“No se angustien. Confíen en Dios, y confíen también en mí” (Juan 14:1).
Es la expresión de Jesús lo que nos asombra. Nunca hemos visto su rostro de esta forma.
Jesús llorando, claro.
Jesús severo, eso también.
Pero,... ¿Jesús angustiado? ¿Con las mejillas surcadas de lágrimas ¿Con el rostro bañado en sudor? ¿Con gotas de sangre corriendo por su barbilla? Usted recuerda esa noche, ¿verdad?

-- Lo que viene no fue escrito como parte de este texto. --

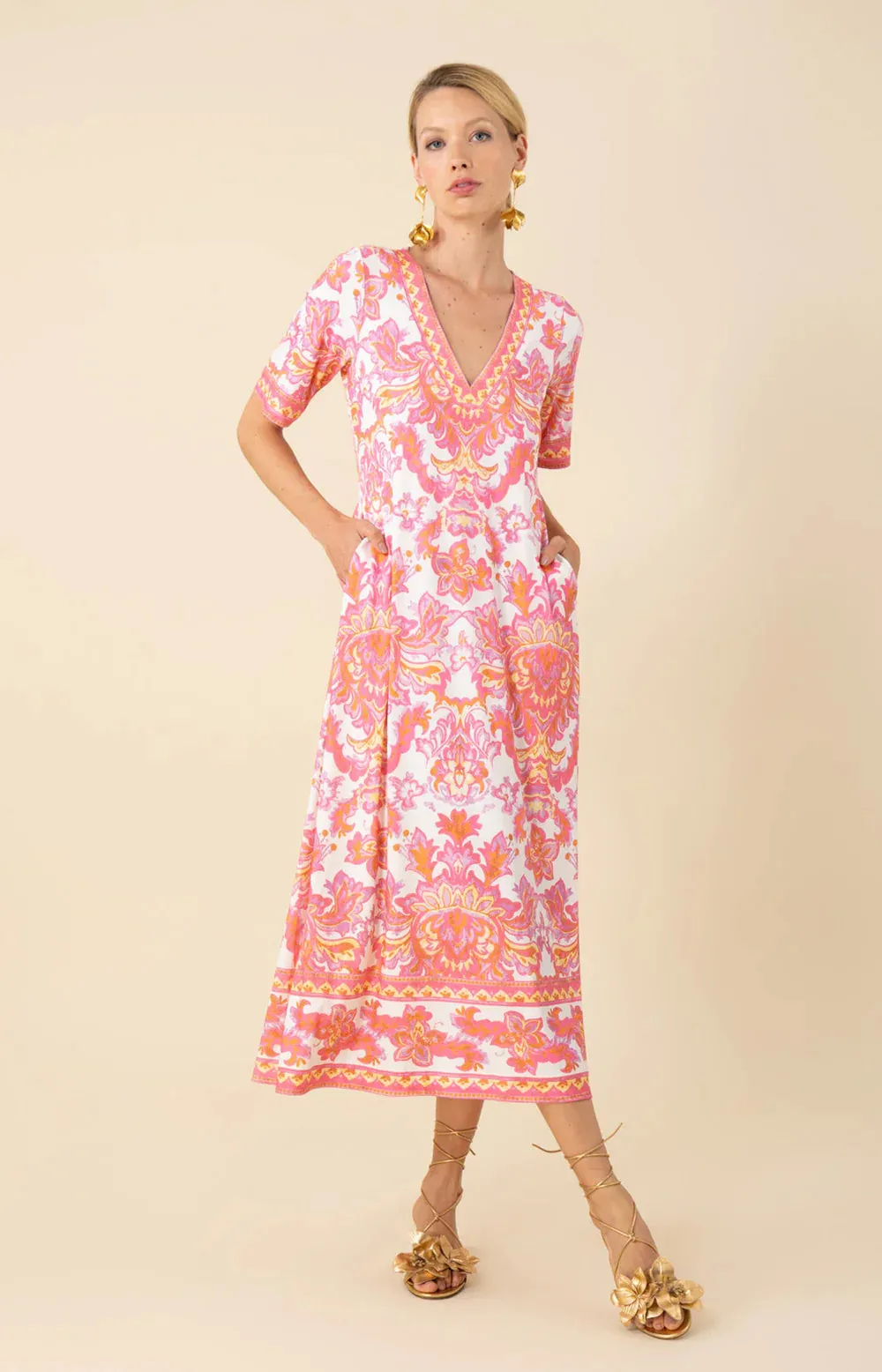 BETHANY JERSEY MAXI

Jesús se arrodilló y empezó a orar: “Padre, si quieres, no me hagas beber este trago amargo; pero no se cumpla mi voluntad, sino la tuya”,. …y su sudor era como gotas de sangre que caían a tierra" (Lc.22:41-44).

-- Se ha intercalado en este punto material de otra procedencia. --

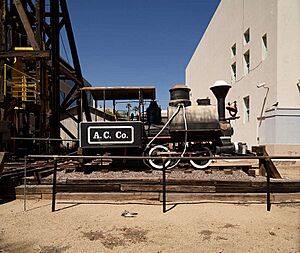 Arizona Mining and Minerals Museum Phoenix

Jesús estaba más que ansioso; tenía miedo. Es notable que Jesús sintiera tal temor. Pero qué bondad la suya al contárnoslo.
Nosotros tendemos a hacer lo contrario. Disfrazamos nuestros miedos. Los ocultamos. Ponemos las manos sudorosas en los bolsillos, la náusea y la boca seca las mantenemos en secreto. Jesús no lo hizo así. No vemos una máscara de fortaleza. Por contra, sí escuchamos de Él una petición de fortaleza:
"Padre, si quieres, no me hagas beber este trago amargo". El primero en oír este temor fue su Padre. Podía haber acudido a su madre. Podía haber confiado en sus discípulos. Podría haber convocado una reunión de oración. Todo podría ser apropiado, pero ninguna otra cosa era su prioridad.
¿Cómo soportó Jesús el terror de la crucifixión? Primero fue al Padre con sus temores. Fue ejemplo de las palabras del salmo 56:3: Cuando siento miedo, pongo en ti mi confianza.
Haga lo mismo con sus temores. No eluda los huertos de Getsemaní de la vida. Entre en ellos, pero no entre solo. Mientras esté allí, sea honesto. Se permite golpear el suelo. Se permiten las lágrimas. Y si su sudor se convierte en sangre, no será usted el primero. Haga lo que Jesús hizo: abra su corazón.